ACTION ITEM: Only the lines from the start of the data through the one containing "In this handout" belong in your answer; return them exactly.

AVAILABLE RECORDS:
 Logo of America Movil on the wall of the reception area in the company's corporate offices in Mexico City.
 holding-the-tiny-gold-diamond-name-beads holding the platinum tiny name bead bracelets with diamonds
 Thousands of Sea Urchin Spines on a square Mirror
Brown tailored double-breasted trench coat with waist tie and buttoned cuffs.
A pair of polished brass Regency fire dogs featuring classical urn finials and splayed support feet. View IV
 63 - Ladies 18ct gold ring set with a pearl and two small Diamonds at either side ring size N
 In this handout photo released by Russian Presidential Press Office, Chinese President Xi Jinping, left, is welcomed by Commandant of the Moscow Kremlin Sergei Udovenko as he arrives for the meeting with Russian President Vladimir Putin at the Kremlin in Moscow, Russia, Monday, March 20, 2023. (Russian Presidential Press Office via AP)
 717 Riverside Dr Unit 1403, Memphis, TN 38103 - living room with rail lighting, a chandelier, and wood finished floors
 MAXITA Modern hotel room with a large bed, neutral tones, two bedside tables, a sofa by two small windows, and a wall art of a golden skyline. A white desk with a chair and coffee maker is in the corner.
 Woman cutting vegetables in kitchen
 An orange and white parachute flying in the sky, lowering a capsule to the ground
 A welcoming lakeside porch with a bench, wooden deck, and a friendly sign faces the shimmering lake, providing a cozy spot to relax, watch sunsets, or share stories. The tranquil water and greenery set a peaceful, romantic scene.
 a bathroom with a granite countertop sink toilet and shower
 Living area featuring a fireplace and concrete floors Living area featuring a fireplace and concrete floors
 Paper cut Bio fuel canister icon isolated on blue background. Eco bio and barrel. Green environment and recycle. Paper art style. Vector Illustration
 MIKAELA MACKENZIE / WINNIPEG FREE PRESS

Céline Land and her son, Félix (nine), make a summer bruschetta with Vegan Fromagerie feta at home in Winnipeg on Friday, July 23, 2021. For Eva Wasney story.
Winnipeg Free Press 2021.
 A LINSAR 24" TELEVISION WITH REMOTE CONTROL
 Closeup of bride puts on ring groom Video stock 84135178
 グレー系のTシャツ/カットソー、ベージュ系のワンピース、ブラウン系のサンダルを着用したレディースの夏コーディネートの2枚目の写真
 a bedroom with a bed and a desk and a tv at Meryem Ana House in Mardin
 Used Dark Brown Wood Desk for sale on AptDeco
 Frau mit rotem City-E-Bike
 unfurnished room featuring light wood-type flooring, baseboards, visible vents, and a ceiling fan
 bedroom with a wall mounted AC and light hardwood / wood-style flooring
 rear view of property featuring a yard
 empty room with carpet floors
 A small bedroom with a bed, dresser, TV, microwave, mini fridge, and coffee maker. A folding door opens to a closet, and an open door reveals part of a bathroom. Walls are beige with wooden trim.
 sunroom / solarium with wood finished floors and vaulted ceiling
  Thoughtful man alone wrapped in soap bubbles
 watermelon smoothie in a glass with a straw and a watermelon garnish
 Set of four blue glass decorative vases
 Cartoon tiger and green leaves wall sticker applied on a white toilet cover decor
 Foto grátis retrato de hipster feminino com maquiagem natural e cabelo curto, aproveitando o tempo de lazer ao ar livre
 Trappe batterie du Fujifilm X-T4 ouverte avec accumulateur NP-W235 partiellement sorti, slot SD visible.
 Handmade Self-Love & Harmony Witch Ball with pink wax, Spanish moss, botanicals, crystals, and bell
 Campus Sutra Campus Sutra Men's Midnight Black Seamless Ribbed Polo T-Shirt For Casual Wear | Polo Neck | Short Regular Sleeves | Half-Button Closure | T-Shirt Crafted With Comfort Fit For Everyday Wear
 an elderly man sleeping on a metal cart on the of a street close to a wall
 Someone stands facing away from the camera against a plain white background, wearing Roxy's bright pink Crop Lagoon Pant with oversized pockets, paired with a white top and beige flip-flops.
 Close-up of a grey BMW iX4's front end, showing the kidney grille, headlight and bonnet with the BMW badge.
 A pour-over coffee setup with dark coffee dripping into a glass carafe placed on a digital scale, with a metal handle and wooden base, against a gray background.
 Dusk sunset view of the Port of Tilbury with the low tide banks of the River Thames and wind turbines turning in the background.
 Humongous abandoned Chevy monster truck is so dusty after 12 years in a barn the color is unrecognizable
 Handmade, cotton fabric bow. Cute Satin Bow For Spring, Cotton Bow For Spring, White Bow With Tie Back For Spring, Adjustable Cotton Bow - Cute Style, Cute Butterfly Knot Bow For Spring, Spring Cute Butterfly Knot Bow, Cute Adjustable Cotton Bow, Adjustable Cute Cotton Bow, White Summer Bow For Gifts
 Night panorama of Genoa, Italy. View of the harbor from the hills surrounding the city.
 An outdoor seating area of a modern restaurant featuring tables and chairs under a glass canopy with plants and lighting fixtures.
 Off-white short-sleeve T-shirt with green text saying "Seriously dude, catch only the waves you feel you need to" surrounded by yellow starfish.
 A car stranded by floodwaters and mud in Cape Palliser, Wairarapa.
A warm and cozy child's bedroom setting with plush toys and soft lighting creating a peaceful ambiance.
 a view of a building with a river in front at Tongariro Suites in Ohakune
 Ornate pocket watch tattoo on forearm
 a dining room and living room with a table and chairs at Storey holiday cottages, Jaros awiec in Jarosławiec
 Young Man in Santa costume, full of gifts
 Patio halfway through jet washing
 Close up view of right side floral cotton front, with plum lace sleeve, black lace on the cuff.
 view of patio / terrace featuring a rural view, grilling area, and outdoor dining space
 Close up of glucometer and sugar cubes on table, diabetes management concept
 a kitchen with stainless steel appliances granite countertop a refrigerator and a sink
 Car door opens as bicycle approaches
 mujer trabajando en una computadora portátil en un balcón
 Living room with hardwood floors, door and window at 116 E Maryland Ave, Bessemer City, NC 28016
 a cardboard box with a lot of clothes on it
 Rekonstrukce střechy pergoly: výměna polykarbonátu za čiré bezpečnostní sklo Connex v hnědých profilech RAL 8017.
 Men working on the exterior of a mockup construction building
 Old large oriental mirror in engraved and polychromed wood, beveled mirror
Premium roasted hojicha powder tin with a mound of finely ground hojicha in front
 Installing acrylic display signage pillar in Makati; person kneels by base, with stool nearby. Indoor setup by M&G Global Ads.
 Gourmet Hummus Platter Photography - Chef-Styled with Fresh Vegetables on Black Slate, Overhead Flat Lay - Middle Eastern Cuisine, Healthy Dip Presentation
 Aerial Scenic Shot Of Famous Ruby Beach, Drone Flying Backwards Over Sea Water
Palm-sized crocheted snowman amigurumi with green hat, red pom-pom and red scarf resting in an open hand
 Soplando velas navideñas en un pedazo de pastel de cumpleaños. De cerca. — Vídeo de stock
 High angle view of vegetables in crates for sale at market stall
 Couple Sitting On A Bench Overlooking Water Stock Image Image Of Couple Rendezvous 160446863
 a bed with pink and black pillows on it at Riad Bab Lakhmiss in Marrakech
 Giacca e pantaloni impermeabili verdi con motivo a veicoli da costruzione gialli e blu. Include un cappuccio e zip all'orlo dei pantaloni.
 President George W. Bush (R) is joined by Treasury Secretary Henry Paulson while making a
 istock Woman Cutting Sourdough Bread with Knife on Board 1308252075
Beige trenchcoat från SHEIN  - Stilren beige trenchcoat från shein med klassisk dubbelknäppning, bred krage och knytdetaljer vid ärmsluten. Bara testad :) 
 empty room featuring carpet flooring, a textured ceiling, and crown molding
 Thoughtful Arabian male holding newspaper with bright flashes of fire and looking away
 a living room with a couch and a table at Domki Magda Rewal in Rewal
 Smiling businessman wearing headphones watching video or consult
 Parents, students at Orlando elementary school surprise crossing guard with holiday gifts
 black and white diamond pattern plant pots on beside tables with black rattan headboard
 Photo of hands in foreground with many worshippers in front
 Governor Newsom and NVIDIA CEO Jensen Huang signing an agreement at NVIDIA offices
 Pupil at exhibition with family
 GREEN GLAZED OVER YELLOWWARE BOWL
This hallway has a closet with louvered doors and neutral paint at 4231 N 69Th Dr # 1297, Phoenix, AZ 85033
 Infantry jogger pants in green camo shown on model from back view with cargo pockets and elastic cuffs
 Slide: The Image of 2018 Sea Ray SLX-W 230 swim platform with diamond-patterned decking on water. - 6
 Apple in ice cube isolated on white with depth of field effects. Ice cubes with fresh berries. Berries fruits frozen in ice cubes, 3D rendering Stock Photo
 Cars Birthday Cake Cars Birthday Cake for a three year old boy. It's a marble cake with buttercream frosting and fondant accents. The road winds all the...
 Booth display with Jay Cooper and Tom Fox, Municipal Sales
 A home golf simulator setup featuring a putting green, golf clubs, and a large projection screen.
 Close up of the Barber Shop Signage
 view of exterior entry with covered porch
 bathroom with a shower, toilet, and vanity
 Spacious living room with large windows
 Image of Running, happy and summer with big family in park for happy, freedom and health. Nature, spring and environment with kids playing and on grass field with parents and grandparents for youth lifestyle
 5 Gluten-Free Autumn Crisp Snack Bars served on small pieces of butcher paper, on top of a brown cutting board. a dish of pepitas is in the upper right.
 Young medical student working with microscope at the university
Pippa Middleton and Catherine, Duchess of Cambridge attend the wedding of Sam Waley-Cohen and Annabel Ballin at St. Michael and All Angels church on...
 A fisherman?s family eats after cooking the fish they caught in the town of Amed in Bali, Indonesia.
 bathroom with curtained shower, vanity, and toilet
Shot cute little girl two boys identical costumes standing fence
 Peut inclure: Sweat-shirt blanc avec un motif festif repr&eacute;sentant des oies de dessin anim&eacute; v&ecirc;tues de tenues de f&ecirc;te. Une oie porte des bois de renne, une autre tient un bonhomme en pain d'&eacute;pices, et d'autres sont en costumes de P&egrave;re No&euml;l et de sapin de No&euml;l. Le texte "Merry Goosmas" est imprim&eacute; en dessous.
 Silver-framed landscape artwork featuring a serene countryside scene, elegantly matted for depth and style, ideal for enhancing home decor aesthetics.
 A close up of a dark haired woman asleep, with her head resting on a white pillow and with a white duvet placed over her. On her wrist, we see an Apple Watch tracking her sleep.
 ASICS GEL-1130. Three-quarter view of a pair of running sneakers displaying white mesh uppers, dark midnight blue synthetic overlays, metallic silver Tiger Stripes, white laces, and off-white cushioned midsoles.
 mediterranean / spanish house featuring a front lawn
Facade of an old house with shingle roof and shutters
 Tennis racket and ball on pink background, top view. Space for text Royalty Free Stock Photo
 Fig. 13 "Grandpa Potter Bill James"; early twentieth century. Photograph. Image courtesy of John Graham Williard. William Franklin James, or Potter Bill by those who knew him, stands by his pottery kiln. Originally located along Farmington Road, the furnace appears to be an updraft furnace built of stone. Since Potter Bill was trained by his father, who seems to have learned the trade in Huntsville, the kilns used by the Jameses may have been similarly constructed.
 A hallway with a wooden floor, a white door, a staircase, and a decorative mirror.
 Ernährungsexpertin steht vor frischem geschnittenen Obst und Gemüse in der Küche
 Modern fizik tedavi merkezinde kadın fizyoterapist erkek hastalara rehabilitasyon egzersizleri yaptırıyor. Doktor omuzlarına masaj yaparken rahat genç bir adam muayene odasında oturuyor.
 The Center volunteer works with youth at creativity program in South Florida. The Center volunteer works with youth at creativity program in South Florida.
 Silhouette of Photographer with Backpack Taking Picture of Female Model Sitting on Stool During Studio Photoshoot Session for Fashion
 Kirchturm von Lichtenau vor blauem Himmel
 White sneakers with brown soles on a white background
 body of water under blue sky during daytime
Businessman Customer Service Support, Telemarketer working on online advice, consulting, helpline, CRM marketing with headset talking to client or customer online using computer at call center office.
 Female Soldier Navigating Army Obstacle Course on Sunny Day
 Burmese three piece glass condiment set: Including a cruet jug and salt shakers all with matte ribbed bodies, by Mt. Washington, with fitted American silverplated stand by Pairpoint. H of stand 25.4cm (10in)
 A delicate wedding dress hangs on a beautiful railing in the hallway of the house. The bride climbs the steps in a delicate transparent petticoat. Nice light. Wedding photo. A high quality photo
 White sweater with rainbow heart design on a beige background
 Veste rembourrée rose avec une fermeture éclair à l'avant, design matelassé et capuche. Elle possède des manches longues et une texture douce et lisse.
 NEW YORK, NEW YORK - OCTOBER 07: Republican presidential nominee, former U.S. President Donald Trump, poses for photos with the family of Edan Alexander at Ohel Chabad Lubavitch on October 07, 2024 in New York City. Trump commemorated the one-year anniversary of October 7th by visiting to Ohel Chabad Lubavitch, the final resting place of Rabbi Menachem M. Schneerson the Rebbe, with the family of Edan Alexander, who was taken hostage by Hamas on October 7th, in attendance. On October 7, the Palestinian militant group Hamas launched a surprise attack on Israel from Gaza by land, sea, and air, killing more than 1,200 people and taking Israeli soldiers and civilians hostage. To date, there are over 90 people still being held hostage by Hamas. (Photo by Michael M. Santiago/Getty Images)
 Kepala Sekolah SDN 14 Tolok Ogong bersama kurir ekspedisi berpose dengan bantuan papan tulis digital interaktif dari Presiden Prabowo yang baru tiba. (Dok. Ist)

ANSWER SECTION:
 Logo of America Movil on the wall of the reception area in the company's corporate offices in Mexico City.
 holding-the-tiny-gold-diamond-name-beads holding the platinum tiny name bead bracelets with diamonds
 Thousands of Sea Urchin Spines on a square Mirror
Brown tailored double-breasted trench coat with waist tie and buttoned cuffs.
A pair of polished brass Regency fire dogs featuring classical urn finials and splayed support feet. View IV
 63 - Ladies 18ct gold ring set with a pearl and two small Diamonds at either side ring size N
 In this handout photo released by Russian Presidential Press Office, Chinese President Xi Jinping, left, is welcomed by Commandant of the Moscow Kremlin Sergei Udovenko as he arrives for the meeting with Russian President Vladimir Putin at the Kremlin in Moscow, Russia, Monday, March 20, 2023. (Russian Presidential Press Office via AP)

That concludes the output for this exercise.